Packets-贪心

Packets

Description

A factory produces products packed in square packets of the same height h and of the sizes 1*1, 2*2, 3*3, 4*4, 5*5, 6*6. These products are always delivered to customers in the square parcels of the same height h as the products have and of the size 6*6. Because of the expenses it is the interest of the factory as well as of the customer to minimize the number of parcels necessary to deliver the ordered products from the factory to the customer. A good program solving the problem of finding the minimal number of parcels necessary to deliver the given products according to an order would save a lot of money. You are asked to make such a program.

Input

The input file consists of several lines specifying orders. Each line specifies one order. Orders are described by six integers separated by one space representing successively the number of packets of individual size from the smallest size 1*1 to the biggest size 6*6. The end of the input file is indicated by the line containing six zeros.

Output

The output file contains one line for each line in the input file. This line contains the minimal number of parcels into which the order from the corresponding line of the input file can be packed. There is no line in the output file corresponding to the last ``null'' line of the input file.

Sample Input

0 0 4 0 0 1 
7 5 1 0 0 0 
0 0 0 0 0 0 

Sample Output

2 
1 

题意:工厂生产大小分别为1*1,2*2,3*3,4*4,5*5,6*6的产品,产品高为h,现在要把这些产品装入6*6,高也为h的包裹里,问至少需要多少包裹.

输入的6个数字分别表示1*1,2*2,3*3,4*4,5*5,6*6产品的个数(代码里用abcdef表示).

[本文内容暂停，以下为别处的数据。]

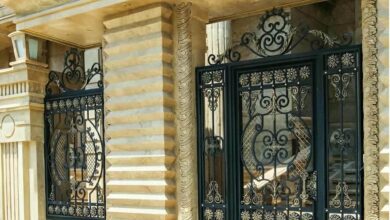 درب آهنی رشت با پوشش مشکی و طراحی مدرن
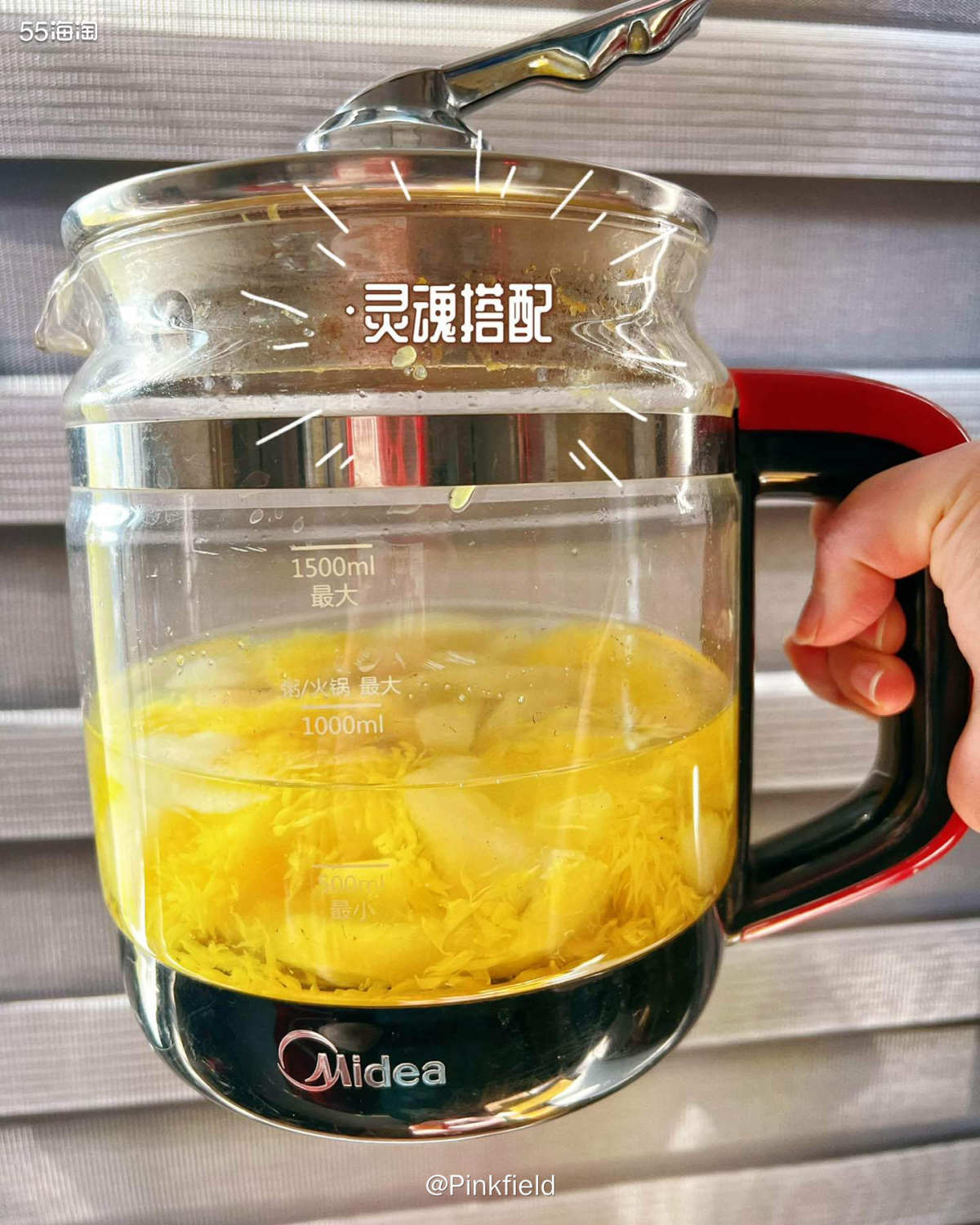 🍊最近一家人阳康后咳嗽不止，于是我妈也做起了网络上超火的香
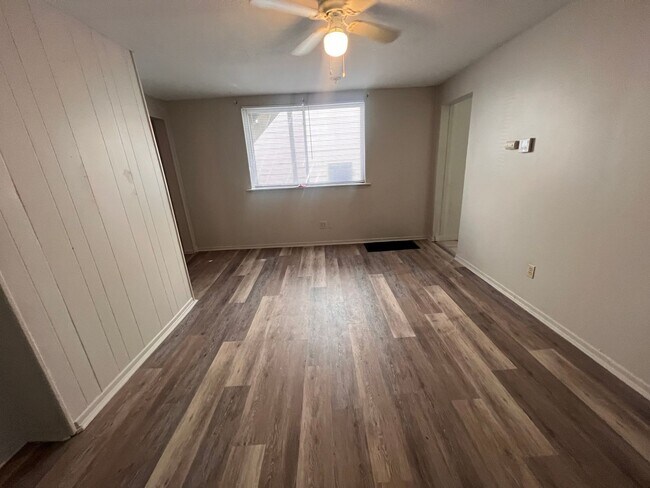 Foto del edificio - Carnegie - 1 Bedroom 1 Bathroom - Updated ...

思路:先装大的,再装小的,在装3*3或4*4时,要把2*2的插进去,最后面积剩下的再把1*1插进去

1个包裹最多能按下面的装:

1个6*6

1个5*5

1个4*4+5个2*2

4个3*3

3个3*3+1个2*2

2个3*3+3个2*2

1个3*3+5个2*2

9个2*2

36个1*1

#include<stdio.h>
#include<string.h>
#include<string>
#include<algorithm>
#include<iostream>
using namespace std;
int main()
{
    int a,b,c,d,e,f,i,cnt,x,b1;
    while(scanf("%d%d%d%d%d%d",&a,&b,&c,&d,&e,&f)!=EOF&&(a!=0||b!=0||c!=0||d!=0||e!=0||f!=0))
    {
        b1=b;
        cnt=f+e;
        if(d>0)
        {
            cnt+=d;
            b-=d*5;
        }
        if(c>0)
        {
            cnt+=c/4;
            x=c%4;
            if(x>0)
            cnt++;
            if(x==3)
            b-=1;
            else if(x==2)
            b-=3;
            else if(x==1)
            b-=5;
        }
        if(b>0)
        {
            cnt+=b/9;
            x=b%9;
            if(x>0)
            cnt++;
        }
        a=a-(cnt*36-f*36-e*25-d*16-c*9-b1*4);
        if(a>0)
        {
            cnt+=a/36;
            x=a%36;
            if(x>0)
            cnt++;
        }
        printf("%d\n",cnt);
    }
}